Problem statement: Only the lines below starting at the one containing "Bolu’yu sis tabakası kapladı" and ending at the one containing "2018 Ferrari 488 GTB - Image 8 of 9" belong in the answer, each copied exactly.

──────── Source data

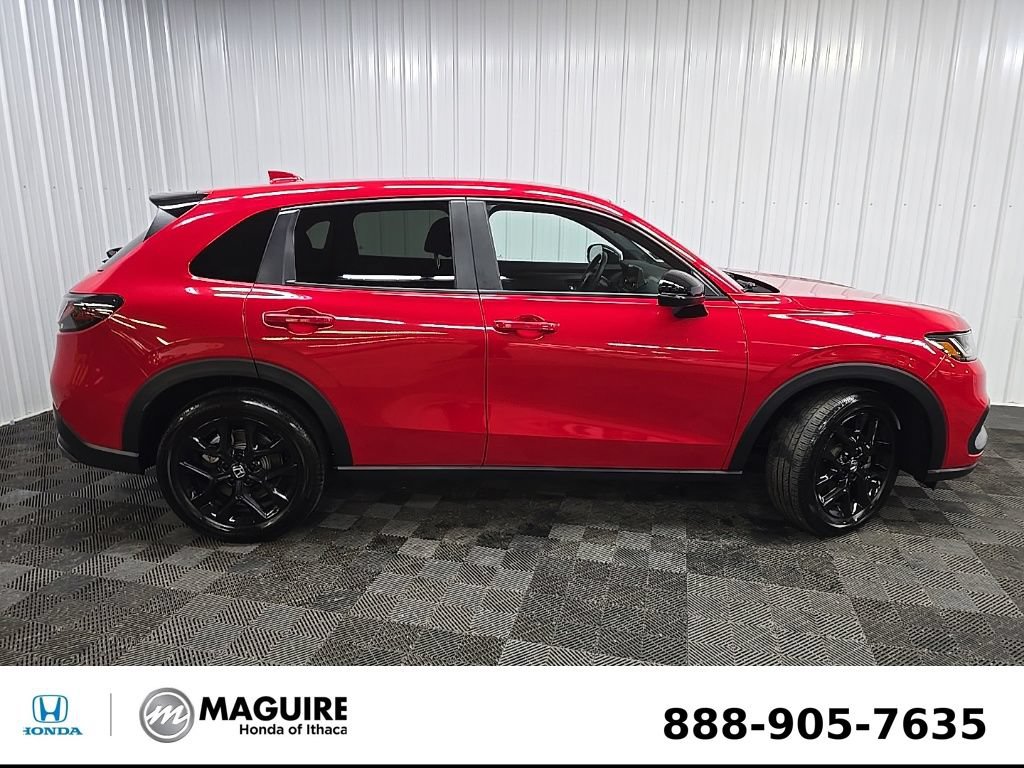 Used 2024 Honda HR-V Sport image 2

────────────────
──────── Source data

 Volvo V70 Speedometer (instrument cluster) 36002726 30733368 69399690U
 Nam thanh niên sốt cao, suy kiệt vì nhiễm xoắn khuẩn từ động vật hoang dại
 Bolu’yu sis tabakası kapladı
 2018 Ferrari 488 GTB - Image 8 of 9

────────────────

Response box:
 Bolu’yu sis tabakası kapladı
 2018 Ferrari 488 GTB - Image 8 of 9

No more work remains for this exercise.